### Source material
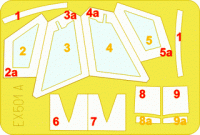 Eduard EX501 F-104 surface panels 1/48 HAS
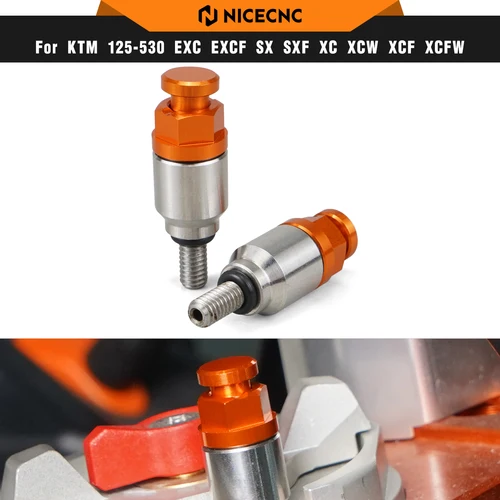 Válvulas de purga de aire de horquilla M4x0,7 para KTM EXC 300 EXC 380 SX 65 SX 85 SX 125 SXF 450 SXF 350 XCW 450 690 Enduro R 950 990 Adventure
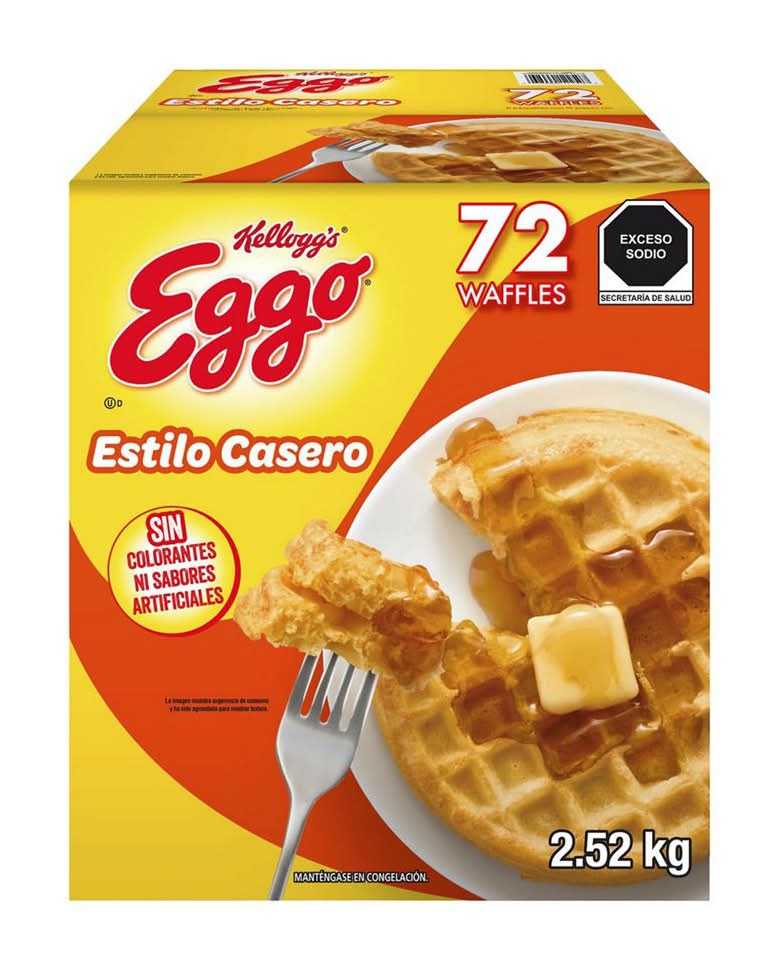 Eggo · Waffles, estilo casero (72 un)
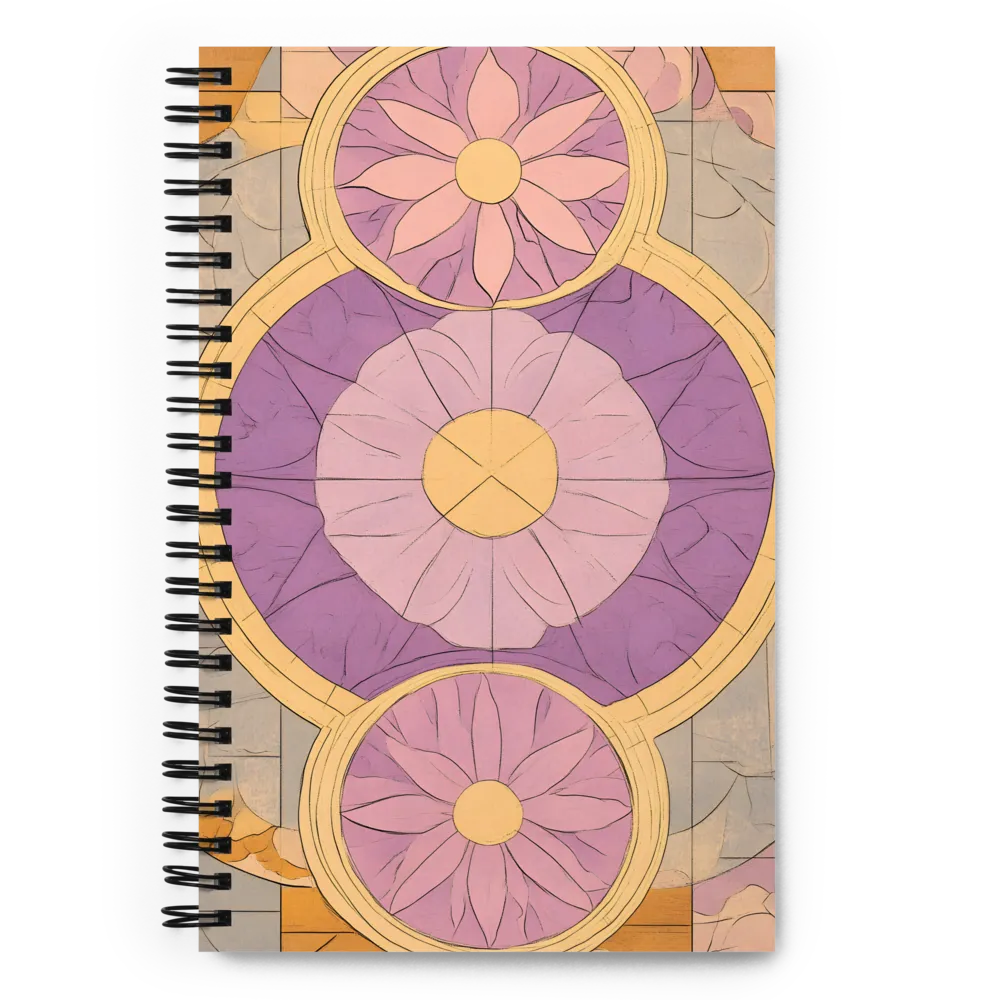 Serenity in Floral Geometry | Spiral Notebook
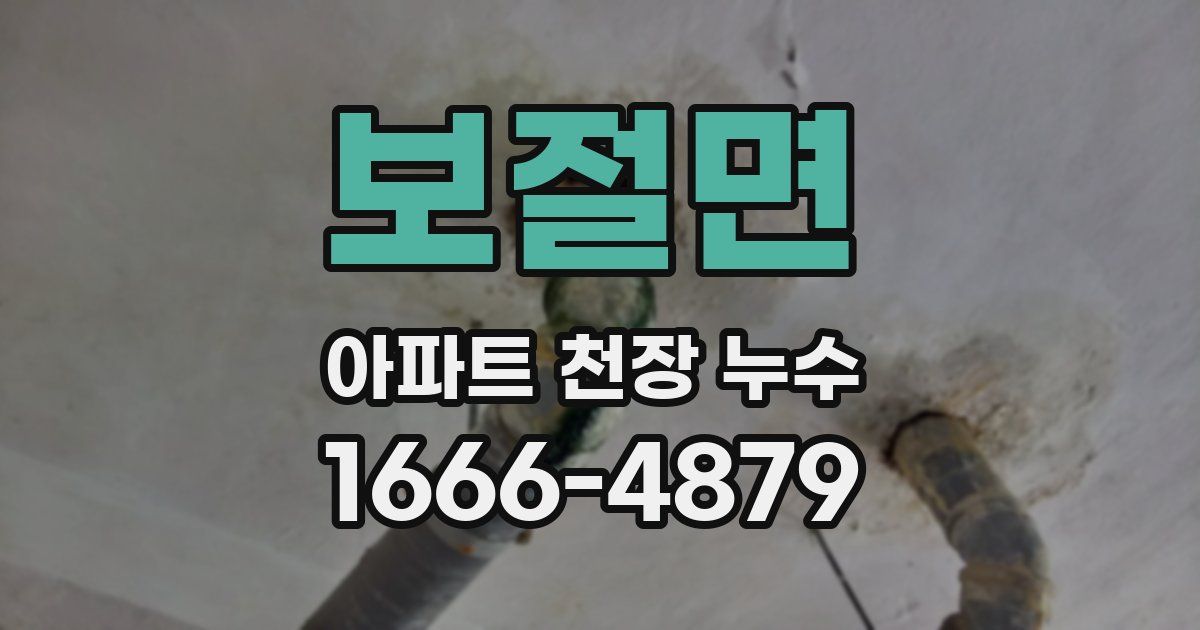 보절면 아파트 천장 누수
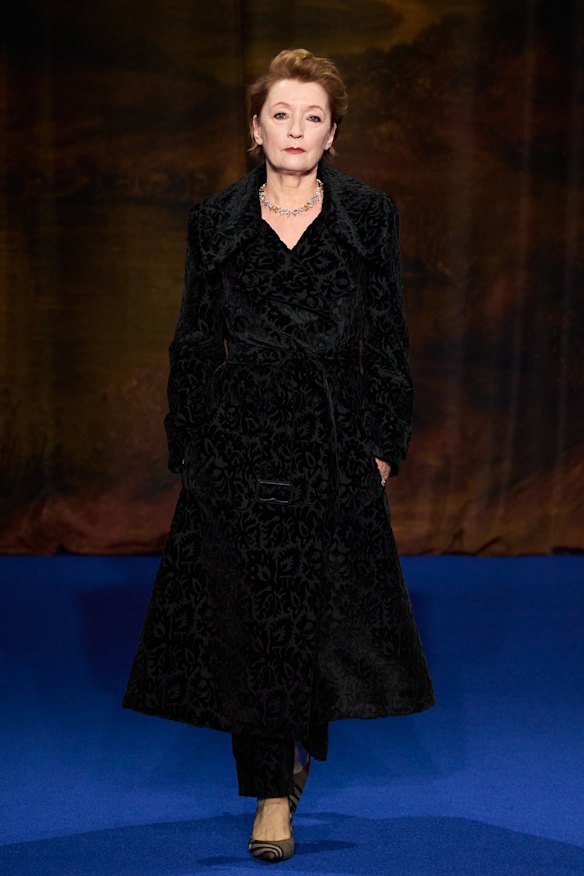 Manville was at London Fashion Week last year.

### Exercise prompt
The listing above must be restated word for word. Its pictures are to be left out.

### Your solution
 Eduard EX501 F-104 surface panels 1/48 HAS
 Válvulas de purga de aire de horquilla M4x0,7 para KTM EXC 300 EXC 380 SX 65 SX 85 SX 125 SXF 450 SXF 350 XCW 450 690 Enduro R 950 990 Adventure
 Eggo · Waffles, estilo casero (72 un)
 Serenity in Floral Geometry | Spiral Notebook
 보절면 아파트 천장 누수
 Manville was at London Fashion Week last year.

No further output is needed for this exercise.